The captain had to face the dismal fact that no one was going to come looking for him in the near future. No doubt his crew, if they even noticed he was missing, would conclude that, as usual, he was spending the night with a girl. That mental picture surely wouldn’t include a large group of rock-shaped females with devilishly flexible tentacles.

It wasn’t likely that anyone would pass by this room on some other errand, either. The supplies in the stacked crates weren’t due to be loaded aboard the Enterprise until the morning, and because the Hortas had been doing construction work in the area, anyone who heard their infernal screeching would probably just assume that it had something to do with their work.

Kirk’s tormented mind frantically sought possibilities for escape. Maybe he could try to convince the Hortas that exercising a certain part of the male anatomy too vigorously would result in sudden death. Given that his prowess in such matters had become legend in the Federation, however, there wasn’t much chance the Hortas would go for that one. But what if he really did expire from a heart attack before anyone came to rescue him? None of his previous space bimbo adventures had involved this level of repeated exertion, not to mention sheer terror.

At least the Hortas were bringing him water regularly from a sink in the corner, so he was in no danger of succumbing to dehydration. They hadn’t given him any food, but then, he probably wouldn’t have been able to eat it, anyway. The overpowering odor of peach bubble bath certainly wasn’t conducive to a healthy appetite…

A sly smile crossed Kirk’s lips for just an instant. The Hortas couldn’t possibly know that he wasn’t hungry. If he asked them to bring him some dinner, at least one of them would have to leave the room to get it, and he might get a brief reprieve from his misery while he ate. And maybe someone would be suspicious enough to investigate why a rock-eating, silicon-based alien who reeked of peach bubble bath was carrying a plate of meat and potatoes to a supply area.

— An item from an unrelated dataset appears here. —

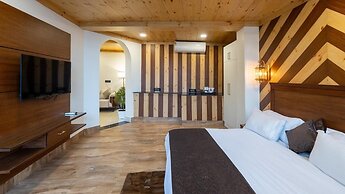 Wisteria Chalet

“Food,” Kirk croaked. “I need food.”

The Hortas chattered among themselves for a moment and then started tearing open some of the nearby crates. There was no food in any of them, as far as Kirk knew. All of these supplies, as Spock had told him earlier, were personal comfort and hygiene items.

Cans of hair spray tumbled, with a loud clatter, to the floor along with razors, deodorant, and fluffy pink rabbits…

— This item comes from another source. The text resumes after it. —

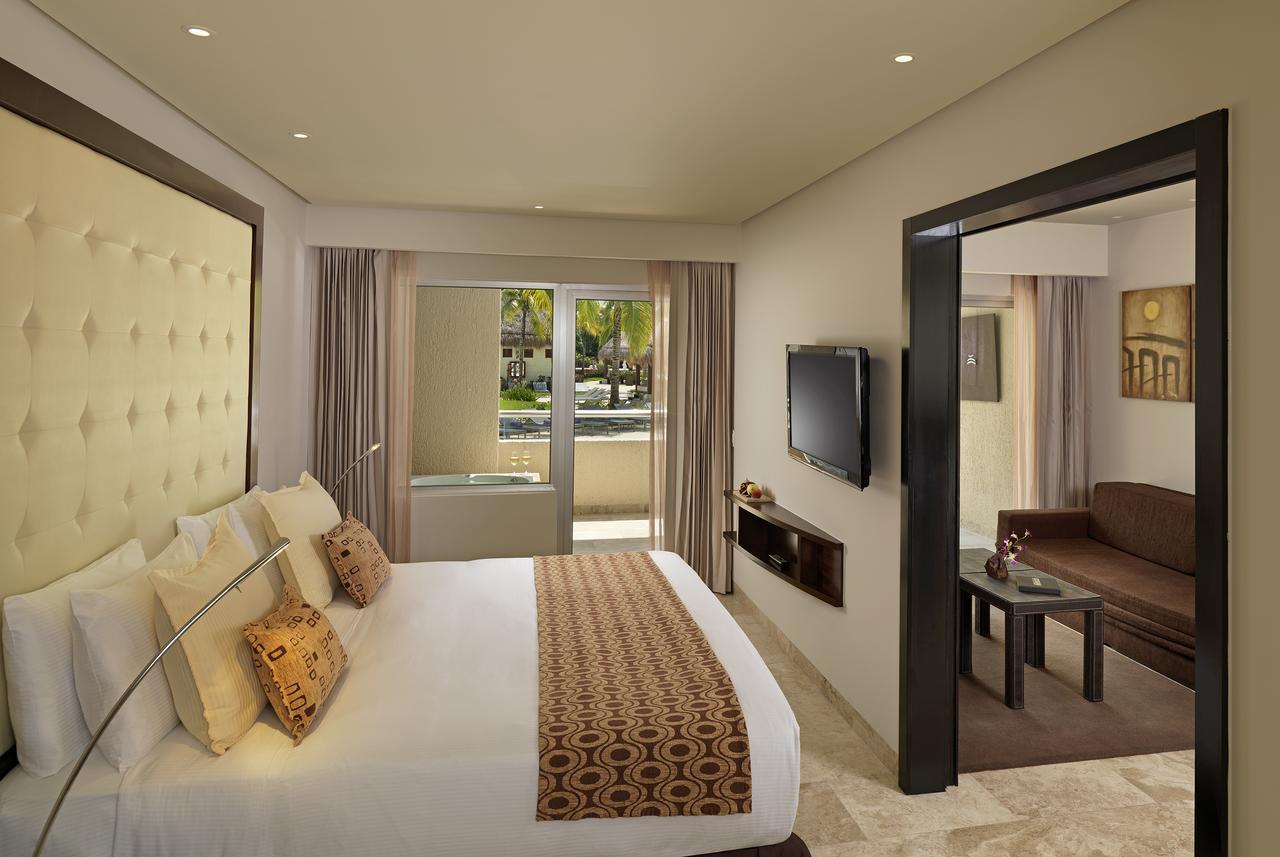 Royal Service At Paradisus La Perla (Adults Only) 普拉亚卡门 外观 照片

The captain blinked at the rabbits several times before his dulled brain registered the fact that it was almost Easter. Then, a far more horrible realization entered his consciousness, as one of his captors emitted a triumphant gong-like sound and held up a plastic-wrapped package.

All hope, now, was truly lost. The Hortas were not going to leave the room to get food for him. Rather, they were going to feed him pink Peeps.

Kirk’s final howl of ultimate despair was such a chilling sound that even the Hortas fell silent, and a nearby security patrol came rushing to the scene moments later, weapons drawn. Sadly, it was too late to save Kirk, whose mind had been irretrievably broken by this last ghastly indignity.

Thereafter, when Easter came each year, the staff at the psychiatric hospital always had to remember that there was one item that they could not, under any circumstances, put into a certain patient’s basket of goodies, lest the poor old fellow become violently agitated.